Volume, performance, and dependencies introduce big challenges in the process of turning data to algorithms to features:
The tooling for the machine learning model lifecycle could look like this:
With data ingestion and preparation starting on the left side and visualization/application wrapping up on the right side, we see the full productization cycle for the machine learning data-driven application:
The Sisense offering creates a comprehensive data analytics platform that caters to every data user at a company, from a data engineer to data scientist, to executive.
Having the data preparation, model development, and application deployment covered, there’s still a data skill gap in the developers who will operate these systems. Data literacy and data skills, which created the forgotten dark data lakes in the first place, are still scarce. For proof, just look at the skyrocketing salaries of data professionals (mainly data engineers and data scientists).

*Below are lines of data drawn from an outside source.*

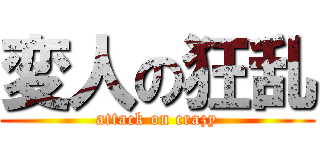 変人の狂乱 (attack on crazy)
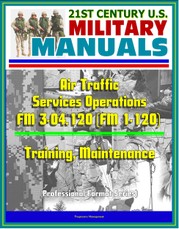 21st Century U.S. Military Manuals: Air Traffic Services Operations - FM 3-04.120 (FM 1-120) - Training, Maintenance (Professional Format Series)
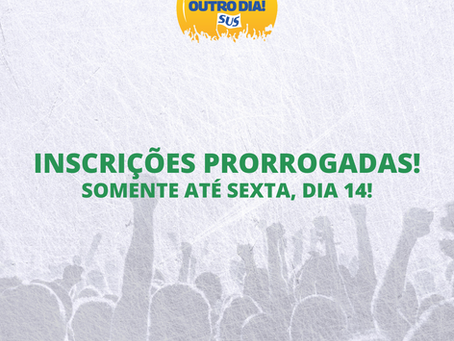 A Secretaria Municipal de Saúde prorroga as inscrições da 6ª Conferência de Saúde até sexta, dia 14.
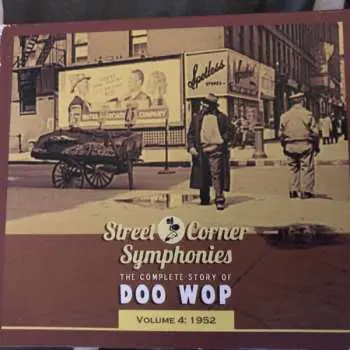 CD Various: Street Corner Symphonies - The Complete Story Of Doo Wop, Volume 4 : 1952
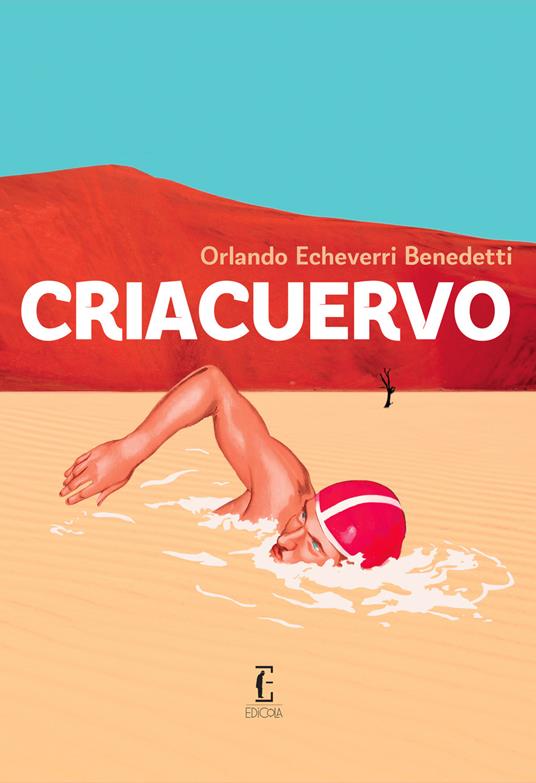 Criacuervo - Orlando Echeverri Benedetti - copertina
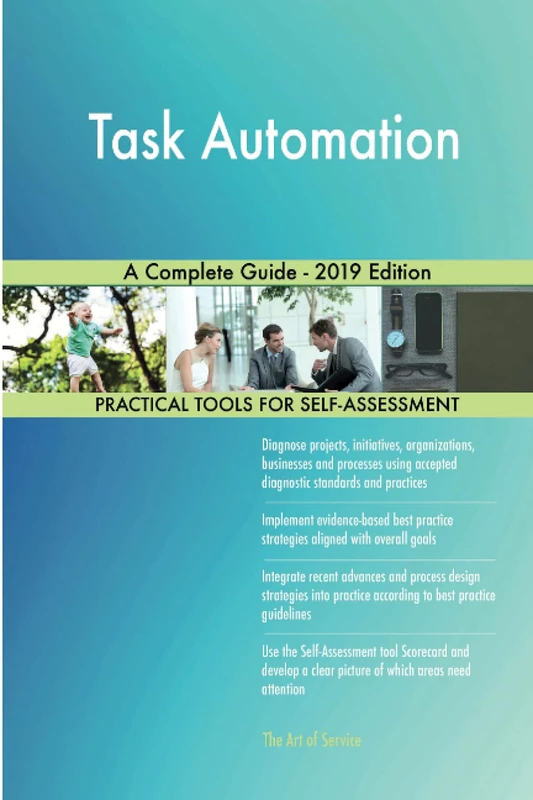 Task Automation A Complete Guide - 2019 Edition
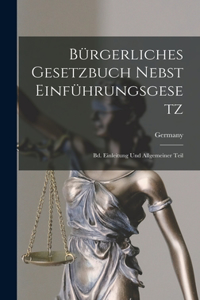 Bürgerliches Gesetzbuch Nebst Einführungsgesetz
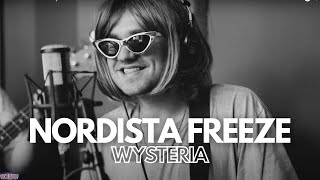 Nordista Freeze - Wysteria - Acme Radio Session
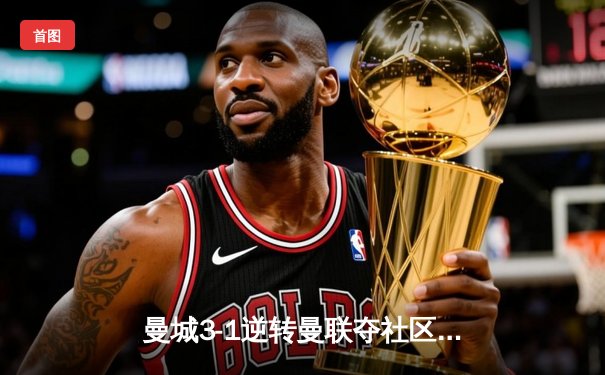 曼城3-1逆转曼联夺社区盾杯 哈兰德双响展现新季锋芒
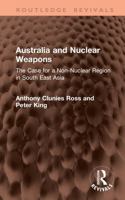Australia and Nuclear Weapons: The Case for a Non-Nuclear Region in South East Asia (Routledge Revivals) 1041399480 Book Cover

Building a Better Tomorrow
At Sisense, our mission is to provide the premier data analytics platform for all of our customers, regardless of their technical skills. This is a tall order.
For the most novice users, we are working on providing a natural language query (NLQ) interface which will allow users to simply ask a question and get an answer (you can already see components of this in our ability to support developers who want to integrate with Alexa).
As users become a bit savvier, they interact with dashboards making selections and applying filters. Here, our soon to be released AI Exploration Paths helps novice users understand which question they should be asking next by evaluating the behavior of all users on the platform. As users become more skilled, they may even create a dashboard of their own with our easy to use drag and drop UI (even here AI plays a role as it suggests fields and widget types for the user).
“All users” also includes data professionals and it’s here that the new tools fill the gap. AI-driven analysis of the data provides the ability to see the data distribution, accept the suggestion for the data normalization and cleansing, and play with the predefined clustering and segmentation. Now, when you understand your data completely, you can bring more of it from different sources, performing transformations on the ingestion. Sharpen your SQL/Python/R skills and jump into the editor that will come from our recent merger with Periscope Data which allows you to not only manage your own custom code but to tap into AutoML libraries.
Accessibility is The Guiding Light of AI
Data today is Big and it’s only getting bigger. Making that data accessible for all will require a new generation of applications built with AI, ML, and advanced analytics. Builders like data scientists and engineers need powerful tools to harness these features and make the data easily used by customers and business users. Customers and business users need simple UIs that let them build dashboards and even analytic apps and widgets of their own.
Whatever you intend to build on top of your data, the right analytics solution will be instrumental in getting it done.